CasX cleaves DNA strands in a sticky-ended fashion; in CasX enzymes comprise a distinct family of RNA-guided genome editors (2019) this cutsite is characterized as 10 nt with cleavage site of 12-14 on the target strand, and 22-25nt on the non-target strand. In Position of Deltaproteobacteria Cas12e nuclease cleavage sites depends on spacer length of guide RNA (Selkova et al, 2020), this cutsite is later recharacterized as 18nt target strand and 22nt on the nontarget strand. The length of the spacer region on the target strand is 20nt. The target strand must be flanked by a TTCN PAM 5’ to the spacer region.
Engineering
In strand displacement reactions toeholds have a minimum length of 4nt and an optimal length of 5-7nt for optimal kinetics. Given that the sticky end of CasX is at least 4nt in length, it functions as a toehold to catalyze a toehold-mediated strand displacement reaction and generate fluorescent signals.

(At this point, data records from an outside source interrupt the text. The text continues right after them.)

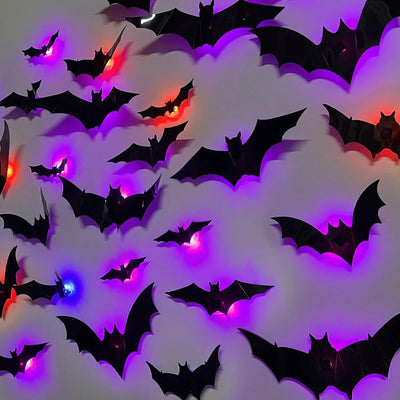 Halloween Bat & Spider Night Light Wall Decor – 3D Glow Stickers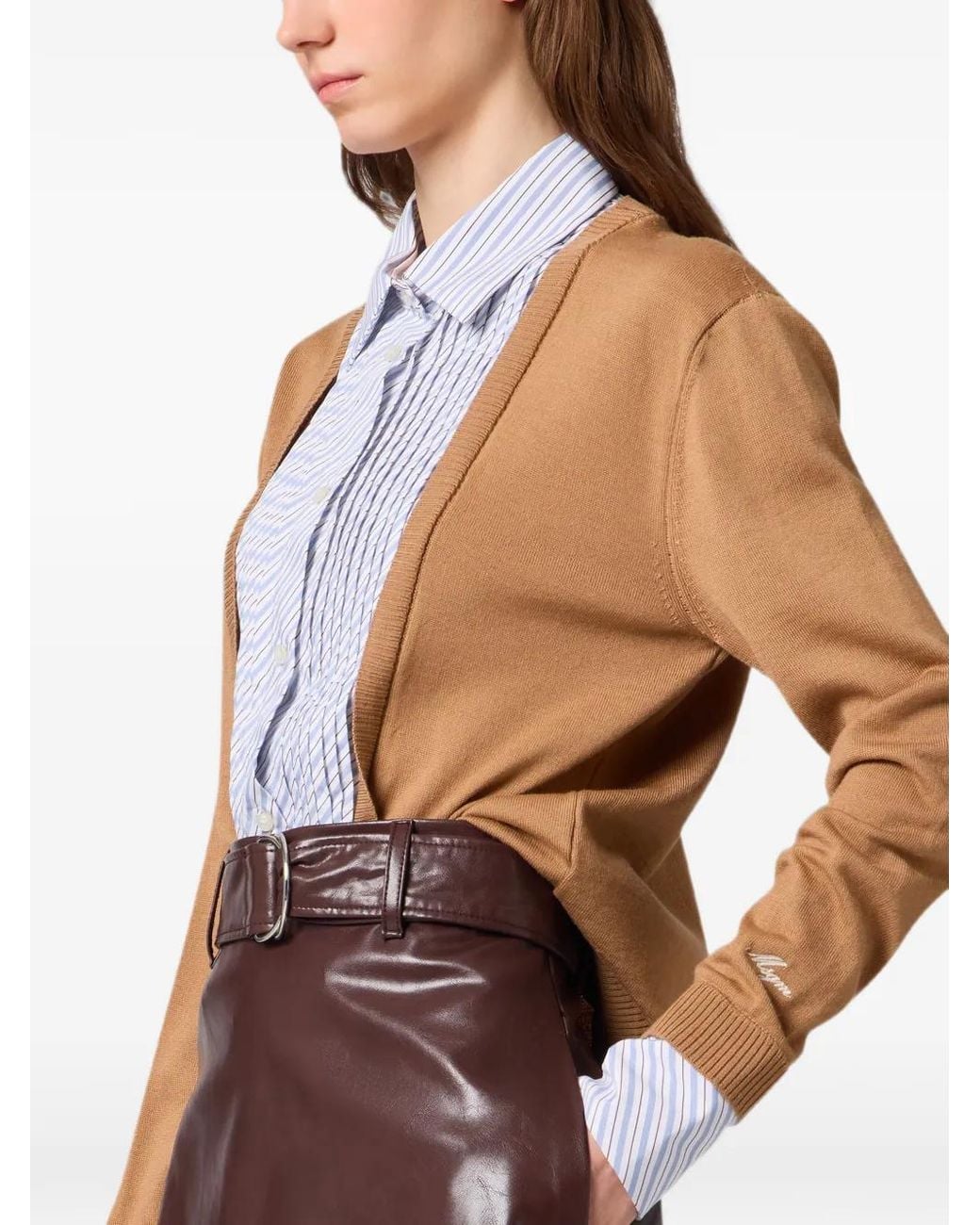 MSGM Brown Layered-Effect Cardigan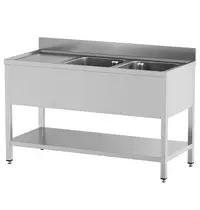 Diamond Spoeltafel | STANDARD LINE EVO | RVS | 2 Spoelbakken (Rechts) + Afdruipvlak | Bodemschap | Achteropstand | Zelfmontage | 1600x700x865/965(h)mm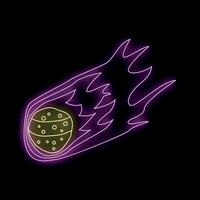 Bright neon comet flying through space vector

GC base pairs are preferred for the short 4nt toehold as they allow stronger binding and therefore faster strand displacement reactions leading to fluorescence. Structure of the native target DNA of CasX compared to engineered targets are shown in order (1st dsDNA corresponds to Target 1 and so forth).
The products of cleavage go on to participate in a downstream strand displacement reaction with reporter gates and trigger strands. Schematic shown below.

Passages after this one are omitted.